Sunday, March 31, 2013

Acrylic Value Sketches

Four seasons value sketches (12"x12"), from top left, clockwise - summer, winter, spring, fall

Four seasons, toned canvases with charcoal sketches

I had such fun yesterday at Great Brook State Park, working on the four paintings of the pond and pines. I chose four to create one per season. Since the pines are not much affected by the season, working at the park makes sense even though it's not quite spring yet, and it's just so much fun to be outside! Maris Platais suggested that I not only tone the canvases (my normal process), but do a value study in the tone color. He also suggested purple for the fall painting, to pop the fall colors and bring a smoky-ness to the background. I would not have thought of that.

Since I was looking for something that would dry quickly so that I can move on to the final paintings in oil, I decided to do the under-painting in acrylics. (For those who aren't into mixing media, it's fine to paint oil over acrylic, but not the other way.) The first step was to tone each canvas, and working with acrylics outside, this meant cleaning the palette after each canvas, the paint was drying very quickly. Then I did a simple charcoal drawing to fix the basic positions before I started drawing with the acrylic paint (the bottom photo). And finally I moved my tripod between two positions about 30 feet apart to paint the four value studies with more acrylic paint (the top image). It's a good thing there's a nice bathroom with a couple of sinks at the park, with all that brush washing.

Now that I've showed you the process, I do hope I'll be successful with the oil painting part!

Friday, March 29, 2013

Winter Pond

Winter Pond - Digital with ArtRage

Farm Pond Pines Reflection, the starting point for the ArtRage painting, which is painted on top of this one

I'm starting to work on a group of four paintings of the pond and trees at Great Brook State Park in Carlisle, MA. I visited the park a number of times this winter observing the snow and taking photos. It's a cross country ski area in winter, so I had to wear snow shoes to get where I needed to go! I'll be out tomorrow working on the new paintings, taking advantage of what should be a beautiful and warm day.

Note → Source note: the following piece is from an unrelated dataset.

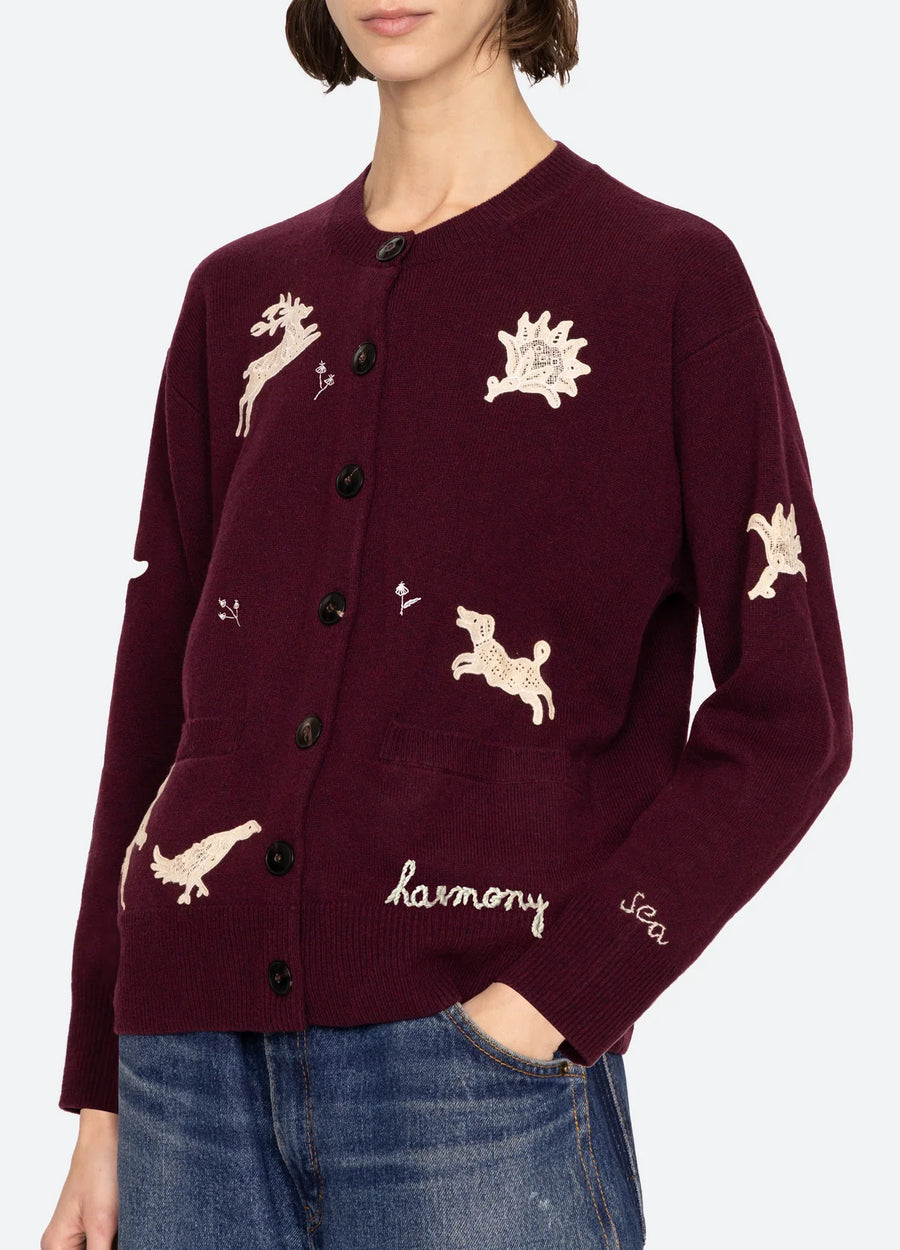 Mika Cardigan - Burgundy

A few years ago I did a couple of paintings of the scene from different vantage points, and thought I could use them as the starting point. And I wanted to try the winter painting as a nocturne. What better way to give it a shot than to use the summer painting as a starting point, and ArtRage to try out my ideas for the winter version? You can see the results above, after a little experimentation. It works pretty well, don't you think?

Wish me luck tomorrow!

Sunday, March 17, 2013

"Icy Brook"

"Icy Brook"
8"x10" oil on Raymar panel

Yesterday four of us got together for a mini-workshop with Carolyn Walton, for more about Carolyn, checkout the previous post. It was great fun, with some excellent demos and plenty of one-on-one instruction. I started with a photo I'd taken a few weeks ago, while balancing on a snow pile by the side of the road. I usually start snow paintings on an un-tinted canvas, but for this one I used a panel that was lightly tinted yellow/brown. I'm pleased with the results and appreciative of what I learned from Carolyn. I'll take a look at this scene again when we have some spring colors in the landscape.

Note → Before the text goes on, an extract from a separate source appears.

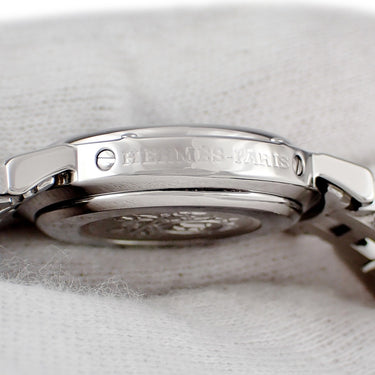 腕時計 エルメス HERMES クリッパー CL4.210 CL4.210.230/3758 クオーツ レディース グレー デイト アラビア ラウンド サンレイ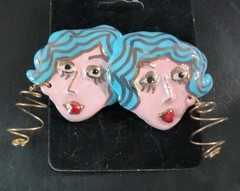One of a Kind Quirky Porcelain Enamel Earrings of a Artistic Woman’s Face 1 3/4″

Meet Artist Carolyn Walton

Carolyn Walton finishing a demo painting

Meet Carolyn Walton, who paints from her home on the coast of Maine. I've known Carolyn for a couple of years, but don't get to paint with her very often, because there's a bit of a trek between us. Carolyn paints primarily in oils, capturing the landscape and architecture of the Northeast and Europe. Inspired by the rural landscape, she is well-known for her interpretation of hay bales, farmland and the coast. She paints en plein air and in her studio, working on larger oil paintings, as well as pastels and gouaches. One day, I'd like to take one of her week long workshops.

Do visit Carolyn's website, and if you are on the east coast, one of the galleries that represent her. You'll see some very fine paintings.

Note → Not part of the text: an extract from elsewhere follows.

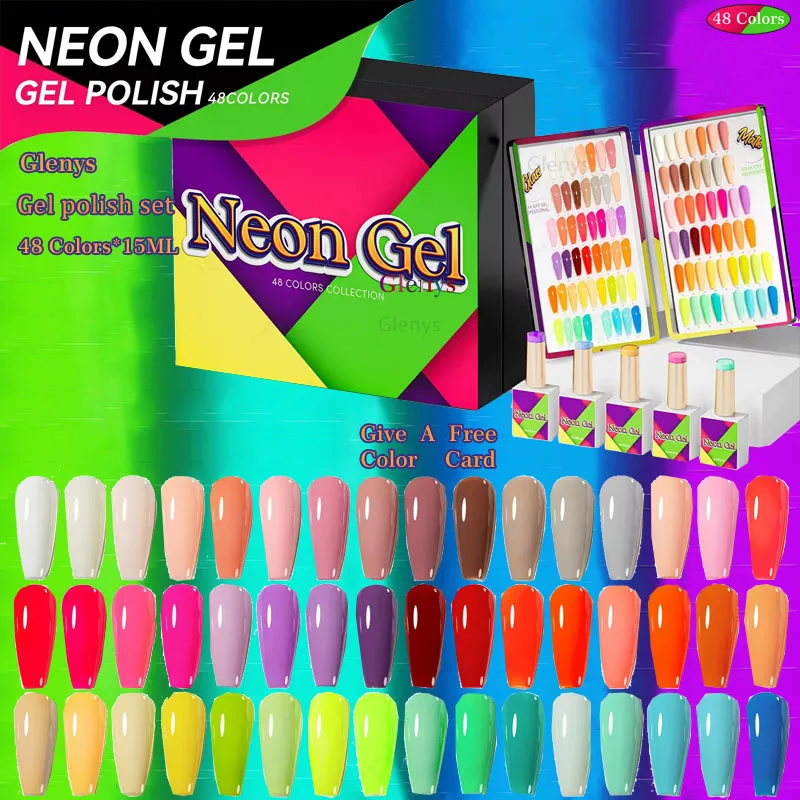 

Glenys 48 шт * 15 мл гель-лак для ногтей, сетка красного цвета, популярный усовершенствованный погружной гель, полноцветный набор лаков для дизайна ногтей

I mentioned in an earlier post that I'd like to periodically introduce you to artists that I meet on my travels. I'm working on a reorganization my blog layout to make it easier to find those posts, and also posts about specific workshops that I've attended, in the hope of spreading the word about these wonderful artists.

Wednesday, March 6, 2013


10"x10" oil on Raymar panel

Normally I paint plein air, and do my best to finish each painting on site. But sometimes it just doesn't happen. So I'm on a kick to finish up those that I think deserve it. "Boatyard" was started last June at the Royal River Boatyard in Yarmouth, where we keep our sailboat. I loved the view of the fishing boat with the slings of the travel lift in front of it. I plan to put it in an upcoming show at Yarmouth Frame and Gallery.